**Activity:**
Where a line in the listing below holds the word "brown", count that line; give the total alone.

**Record set:**
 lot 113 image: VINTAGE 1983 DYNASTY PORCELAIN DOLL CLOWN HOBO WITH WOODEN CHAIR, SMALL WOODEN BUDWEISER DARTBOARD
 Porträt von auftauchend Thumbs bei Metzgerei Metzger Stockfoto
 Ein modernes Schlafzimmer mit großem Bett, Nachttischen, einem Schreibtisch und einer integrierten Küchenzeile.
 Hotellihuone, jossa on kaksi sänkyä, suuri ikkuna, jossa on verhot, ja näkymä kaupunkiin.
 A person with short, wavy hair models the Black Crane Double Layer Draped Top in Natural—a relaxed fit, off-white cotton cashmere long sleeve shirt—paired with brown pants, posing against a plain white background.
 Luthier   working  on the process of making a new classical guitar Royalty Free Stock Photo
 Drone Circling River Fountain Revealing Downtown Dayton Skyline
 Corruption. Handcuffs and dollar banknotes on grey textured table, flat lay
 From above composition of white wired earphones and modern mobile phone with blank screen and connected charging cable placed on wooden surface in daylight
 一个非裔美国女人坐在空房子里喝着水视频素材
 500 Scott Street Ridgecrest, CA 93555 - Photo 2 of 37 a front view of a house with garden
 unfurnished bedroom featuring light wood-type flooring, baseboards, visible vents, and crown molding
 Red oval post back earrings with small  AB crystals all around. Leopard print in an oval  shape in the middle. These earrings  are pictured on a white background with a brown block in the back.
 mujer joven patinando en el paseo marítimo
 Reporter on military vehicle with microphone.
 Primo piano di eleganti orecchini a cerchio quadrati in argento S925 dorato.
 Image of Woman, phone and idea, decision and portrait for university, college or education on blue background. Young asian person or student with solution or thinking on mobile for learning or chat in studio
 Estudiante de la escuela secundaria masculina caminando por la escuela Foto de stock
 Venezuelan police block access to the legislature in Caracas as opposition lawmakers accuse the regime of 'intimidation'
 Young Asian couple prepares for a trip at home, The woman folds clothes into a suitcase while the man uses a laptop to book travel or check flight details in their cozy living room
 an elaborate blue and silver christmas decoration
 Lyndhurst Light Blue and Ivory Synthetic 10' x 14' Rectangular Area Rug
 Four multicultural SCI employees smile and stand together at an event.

**Result:**
2